- Exercise details: Each entry in the listing below should be restated word for word.

= Beginning of Section =

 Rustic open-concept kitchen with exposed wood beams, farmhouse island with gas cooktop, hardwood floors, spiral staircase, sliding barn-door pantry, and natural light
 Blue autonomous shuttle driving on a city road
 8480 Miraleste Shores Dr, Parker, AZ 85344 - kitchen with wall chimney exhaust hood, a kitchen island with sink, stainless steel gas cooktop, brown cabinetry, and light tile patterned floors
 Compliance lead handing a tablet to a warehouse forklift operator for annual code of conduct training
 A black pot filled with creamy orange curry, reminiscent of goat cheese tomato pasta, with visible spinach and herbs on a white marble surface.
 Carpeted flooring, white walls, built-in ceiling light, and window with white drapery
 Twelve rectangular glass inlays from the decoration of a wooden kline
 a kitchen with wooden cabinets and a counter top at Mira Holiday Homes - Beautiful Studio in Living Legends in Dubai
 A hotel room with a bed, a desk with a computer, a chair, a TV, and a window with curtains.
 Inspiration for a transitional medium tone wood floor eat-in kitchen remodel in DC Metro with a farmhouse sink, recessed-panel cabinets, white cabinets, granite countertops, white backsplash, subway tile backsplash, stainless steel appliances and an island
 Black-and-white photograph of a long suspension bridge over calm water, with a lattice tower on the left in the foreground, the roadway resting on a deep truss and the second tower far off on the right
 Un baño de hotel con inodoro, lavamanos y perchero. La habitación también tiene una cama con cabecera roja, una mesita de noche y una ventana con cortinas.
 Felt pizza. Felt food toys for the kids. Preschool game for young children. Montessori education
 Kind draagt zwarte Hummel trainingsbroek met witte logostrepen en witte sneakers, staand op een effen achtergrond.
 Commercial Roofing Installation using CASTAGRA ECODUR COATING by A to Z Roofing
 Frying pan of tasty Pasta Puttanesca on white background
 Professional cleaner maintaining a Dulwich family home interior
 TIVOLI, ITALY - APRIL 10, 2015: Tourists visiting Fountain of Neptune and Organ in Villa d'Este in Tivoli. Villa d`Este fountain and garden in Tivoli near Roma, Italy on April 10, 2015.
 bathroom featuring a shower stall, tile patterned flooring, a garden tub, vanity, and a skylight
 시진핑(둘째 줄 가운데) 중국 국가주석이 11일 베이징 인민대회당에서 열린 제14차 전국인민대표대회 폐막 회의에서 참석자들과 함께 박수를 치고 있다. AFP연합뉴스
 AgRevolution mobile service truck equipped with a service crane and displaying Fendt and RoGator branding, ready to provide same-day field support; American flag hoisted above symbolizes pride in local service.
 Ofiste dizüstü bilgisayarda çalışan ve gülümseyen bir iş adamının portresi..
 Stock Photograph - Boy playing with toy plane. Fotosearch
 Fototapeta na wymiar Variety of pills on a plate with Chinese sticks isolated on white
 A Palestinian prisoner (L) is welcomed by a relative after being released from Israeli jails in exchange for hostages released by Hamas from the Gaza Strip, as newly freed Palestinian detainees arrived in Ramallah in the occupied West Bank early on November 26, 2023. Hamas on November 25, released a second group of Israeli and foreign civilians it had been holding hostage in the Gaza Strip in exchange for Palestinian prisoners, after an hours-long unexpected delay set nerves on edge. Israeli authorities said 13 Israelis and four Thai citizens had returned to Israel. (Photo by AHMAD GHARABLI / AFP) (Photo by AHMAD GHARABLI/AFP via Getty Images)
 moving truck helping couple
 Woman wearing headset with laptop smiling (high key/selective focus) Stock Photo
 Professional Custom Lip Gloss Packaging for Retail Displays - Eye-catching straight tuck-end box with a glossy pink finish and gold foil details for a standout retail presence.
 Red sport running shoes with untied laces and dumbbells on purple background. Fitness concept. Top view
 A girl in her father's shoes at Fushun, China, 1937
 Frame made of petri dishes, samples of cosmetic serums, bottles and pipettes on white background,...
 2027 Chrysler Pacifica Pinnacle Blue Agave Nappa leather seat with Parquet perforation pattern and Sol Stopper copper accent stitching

= End of Section =

- Written answer:
 Rustic open-concept kitchen with exposed wood beams, farmhouse island with gas cooktop, hardwood floors, spiral staircase, sliding barn-door pantry, and natural light
 Blue autonomous shuttle driving on a city road
 8480 Miraleste Shores Dr, Parker, AZ 85344 - kitchen with wall chimney exhaust hood, a kitchen island with sink, stainless steel gas cooktop, brown cabinetry, and light tile patterned floors
 Compliance lead handing a tablet to a warehouse forklift operator for annual code of conduct training
 A black pot filled with creamy orange curry, reminiscent of goat cheese tomato pasta, with visible spinach and herbs on a white marble surface.
 Carpeted flooring, white walls, built-in ceiling light, and window with white drapery
 Twelve rectangular glass inlays from the decoration of a wooden kline
 a kitchen with wooden cabinets and a counter top at Mira Holiday Homes - Beautiful Studio in Living Legends in Dubai
 A hotel room with a bed, a desk with a computer, a chair, a TV, and a window with curtains.
 Inspiration for a transitional medium tone wood floor eat-in kitchen remodel in DC Metro with a farmhouse sink, recessed-panel cabinets, white cabinets, granite countertops, white backsplash, subway tile backsplash, stainless steel appliances and an island
 Black-and-white photograph of a long suspension bridge over calm water, with a lattice tower on the left in the foreground, the roadway resting on a deep truss and the second tower far off on the right
 Un baño de hotel con inodoro, lavamanos y perchero. La habitación también tiene una cama con cabecera roja, una mesita de noche y una ventana con cortinas.
 Felt pizza. Felt food toys for the kids. Preschool game for young children. Montessori education
 Kind draagt zwarte Hummel trainingsbroek met witte logostrepen en witte sneakers, staand op een effen achtergrond.
 Commercial Roofing Installation using CASTAGRA ECODUR COATING by A to Z Roofing
 Frying pan of tasty Pasta Puttanesca on white background
 Professional cleaner maintaining a Dulwich family home interior
 TIVOLI, ITALY - APRIL 10, 2015: Tourists visiting Fountain of Neptune and Organ in Villa d'Este in Tivoli. Villa d`Este fountain and garden in Tivoli near Roma, Italy on April 10, 2015.
 bathroom featuring a shower stall, tile patterned flooring, a garden tub, vanity, and a skylight
 시진핑(둘째 줄 가운데) 중국 국가주석이 11일 베이징 인민대회당에서 열린 제14차 전국인민대표대회 폐막 회의에서 참석자들과 함께 박수를 치고 있다. AFP연합뉴스
 AgRevolution mobile service truck equipped with a service crane and displaying Fendt and RoGator branding, ready to provide same-day field support; American flag hoisted above symbolizes pride in local service.
 Ofiste dizüstü bilgisayarda çalışan ve gülümseyen bir iş adamının portresi..
 Stock Photograph - Boy playing with toy plane. Fotosearch
 Fototapeta na wymiar Variety of pills on a plate with Chinese sticks isolated on white
 A Palestinian prisoner (L) is welcomed by a relative after being released from Israeli jails in exchange for hostages released by Hamas from the Gaza Strip, as newly freed Palestinian detainees arrived in Ramallah in the occupied West Bank early on November 26, 2023. Hamas on November 25, released a second group of Israeli and foreign civilians it had been holding hostage in the Gaza Strip in exchange for Palestinian prisoners, after an hours-long unexpected delay set nerves on edge. Israeli authorities said 13 Israelis and four Thai citizens had returned to Israel. (Photo by AHMAD GHARABLI / AFP) (Photo by AHMAD GHARABLI/AFP via Getty Images)
 moving truck helping couple
 Woman wearing headset with laptop smiling (high key/selective focus) Stock Photo
 Professional Custom Lip Gloss Packaging for Retail Displays - Eye-catching straight tuck-end box with a glossy pink finish and gold foil details for a standout retail presence.
 Red sport running shoes with untied laces and dumbbells on purple background. Fitness concept. Top view
 A girl in her father's shoes at Fushun, China, 1937
 Frame made of petri dishes, samples of cosmetic serums, bottles and pipettes on white background,...
 2027 Chrysler Pacifica Pinnacle Blue Agave Nappa leather seat with Parquet perforation pattern and Sol Stopper copper accent stitching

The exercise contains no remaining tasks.